- **Activity**
In the listing below, find the line containing "Succulent plant graptoveria" and the line containing "Правила и особенности", then copy exactly everything from the first through the second, except the pictures.

- **Data records**
+--

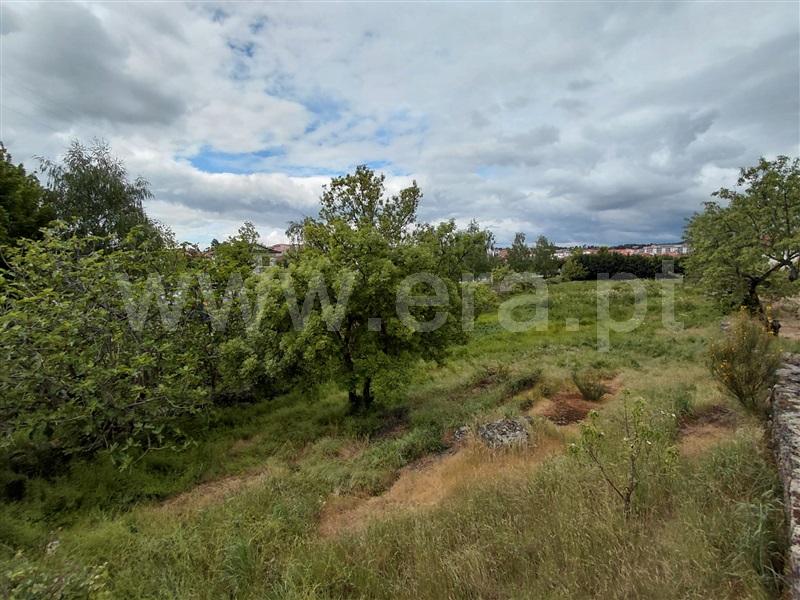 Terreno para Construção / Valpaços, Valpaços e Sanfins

+--

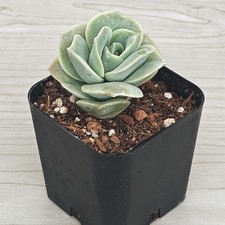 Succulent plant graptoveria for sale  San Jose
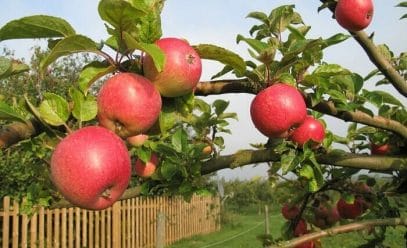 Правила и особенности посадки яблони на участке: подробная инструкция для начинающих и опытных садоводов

+--

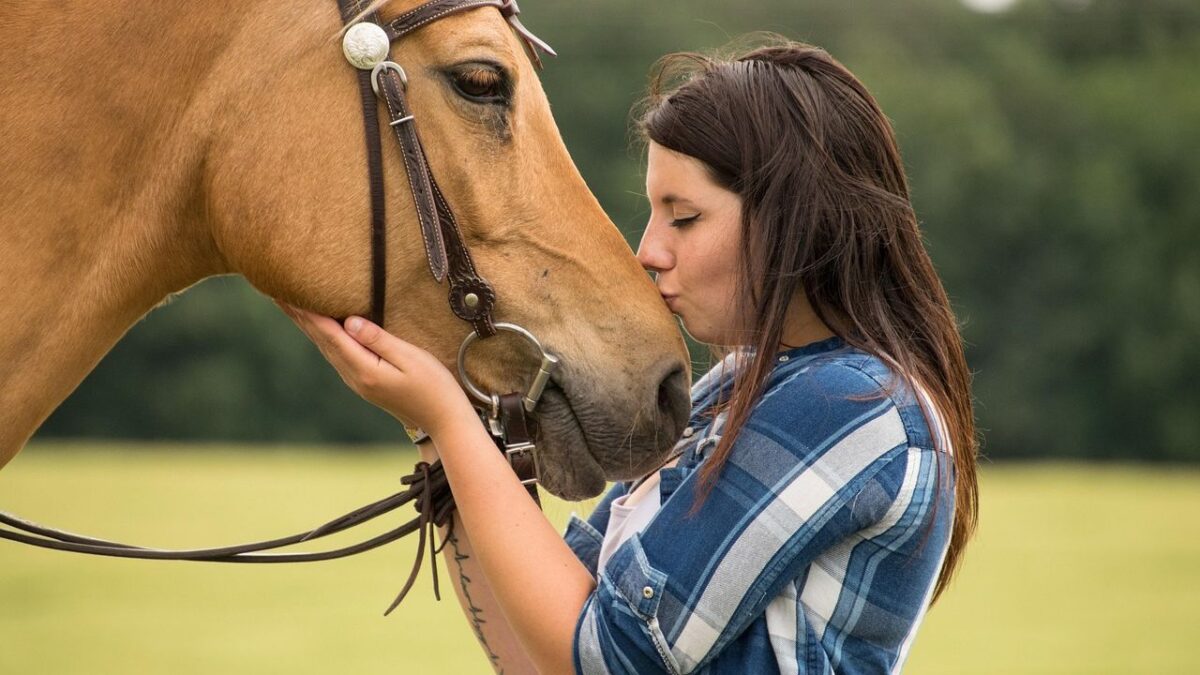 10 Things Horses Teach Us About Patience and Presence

+--

- **Solved exercise**
 Succulent plant graptoveria for sale  San Jose
 Правила и особенности посадки яблони на участке: подробная инструкция для начинающих и опытных садоводов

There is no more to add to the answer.